Time to regulate OTT content

Richa Mishra | Updated on August 18, 2020

Is self-regulation enough to keep online content platforms in line?

“The film has been made using creative liberties and dramatising the events for cinematic expressions …” reads the disclaimer as Gunjan Saxena: The Kargil Girl opens. But is this enough to allow one to deviate from facts when showing a real-life story? How far can film-makers go in ‘dramatising’ events?

Commerce and Industry Minister Piyush Goyal was recently quoted asking the entertainment industry to self-regulate OTT channels. This was not an unusual statement; the issue has been under discussion for some time now.

The Kargil Girl is the true story of now retired Indian Air Force combat pilot Gunjan Saxena, which is alluring enough by itself. But no sooner did it hit Netflix than the IAF cried foul, alleging unfair portrayal of the institution. Social media was flooded with posts saying cinematic licence and creative freedom cannot be stretched over set rules and protocols of institutions.

Protocol demands that film/serial-makers get the Defence Ministry’s approval before creating content related to the armed forces. They have to submit the plot. And the producers of Gunjan Saxena — Dharma Productions and Zee Studio — did adhere to this. Once the content is ready, it has to be screened for the Services; if changes are suggested, they are expected to be adopted. Here, the IAF did want some tweaks, which the producers decided to ignore. In this case, the IAF can file a defamation case.

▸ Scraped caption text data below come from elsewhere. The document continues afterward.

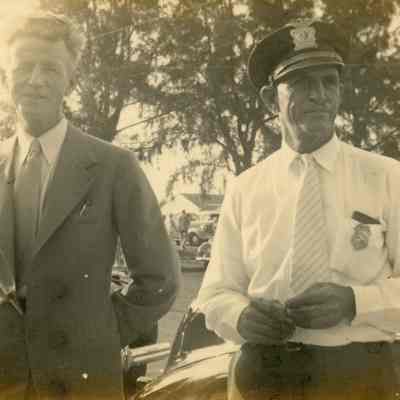Richard Gray and Chief Lloyd Holland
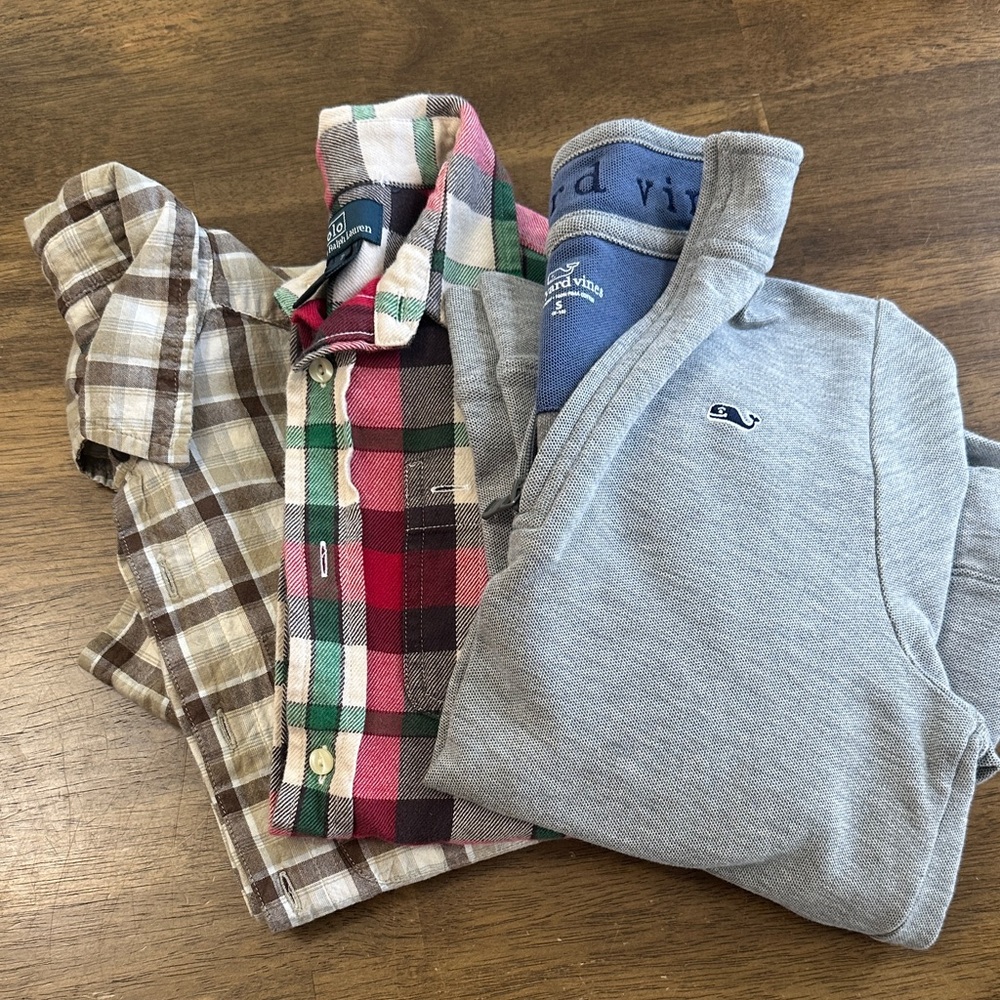Urban Pipeline Multicolor Plaid and Gray Kids Shirts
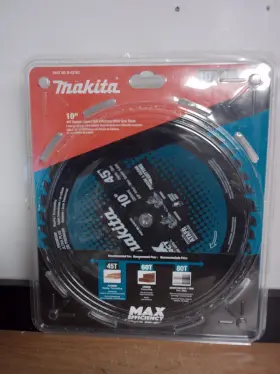 B-62103 Makita New Mikita Max 45t 10 Inch Carbide Tip Miter Saw Blade Rip Plywood Cross Cut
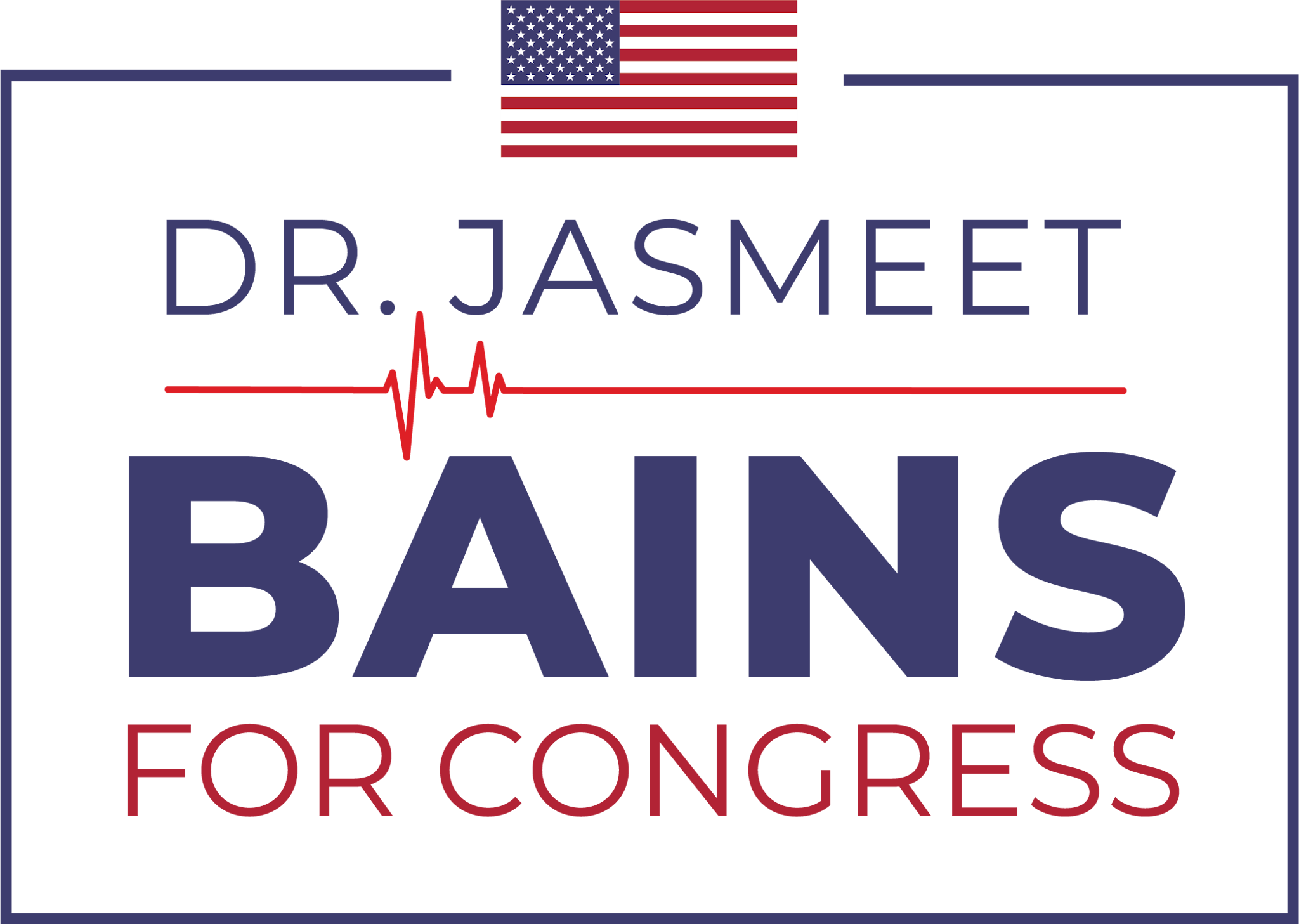 Jasmeet Bains for Congress logo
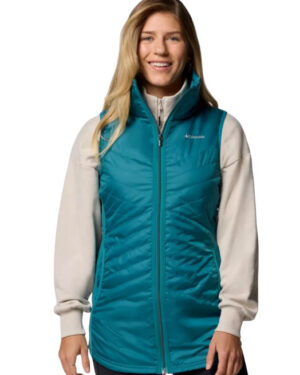 0616-1-CHAQUETA SIN MANGAS COLUMBIA MUJER TALLA XS-S-M CHAQUETA SIN MANGAS COLUMBIA MUJER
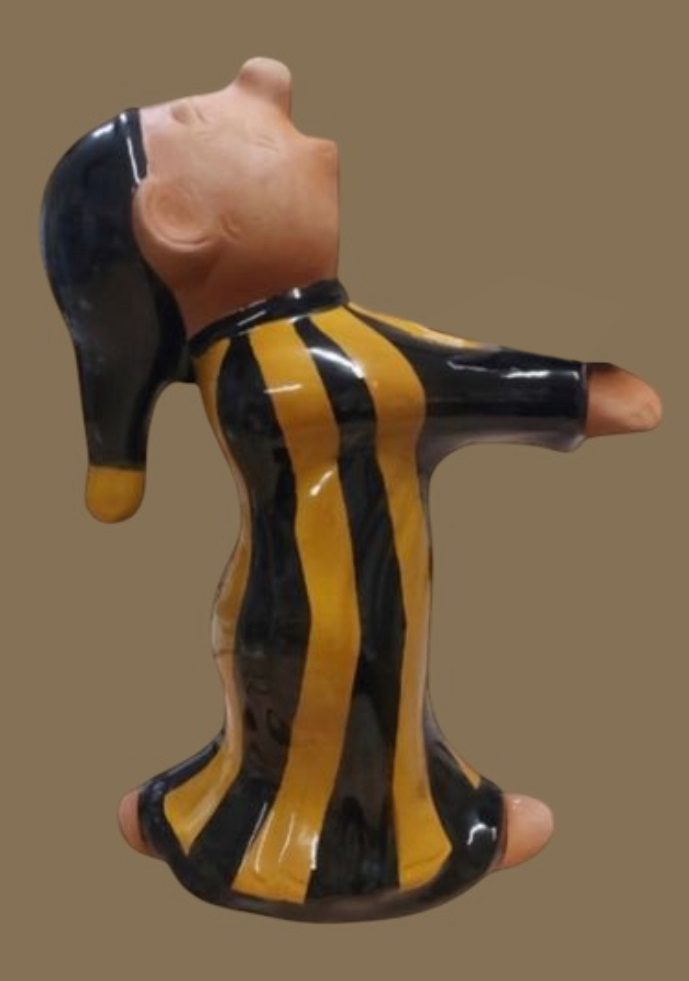 schlafwandler laengs gestreift als dachfigur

But the film has been released on an OTT platform, which is unregulated in India, so little can be done. The next best thing the IAF could do was write to the Censor Board and say the film should not hit the theatres. But the damage has been done. In fact, in January last year, Hotstar, Voot, Zee5, Arre, SonyLIV, ALT Balaji, Netflix and Eros, now also known as online curated content providers (OCCPs), had voluntarily signed a self-regulatory Code of Best Practices under the aegis of the IAMAI.

But where does the buck stop, with the content provider or the platform? Is self-regulation working? When portraying defence services, shouldn’t there be clear dos and donts?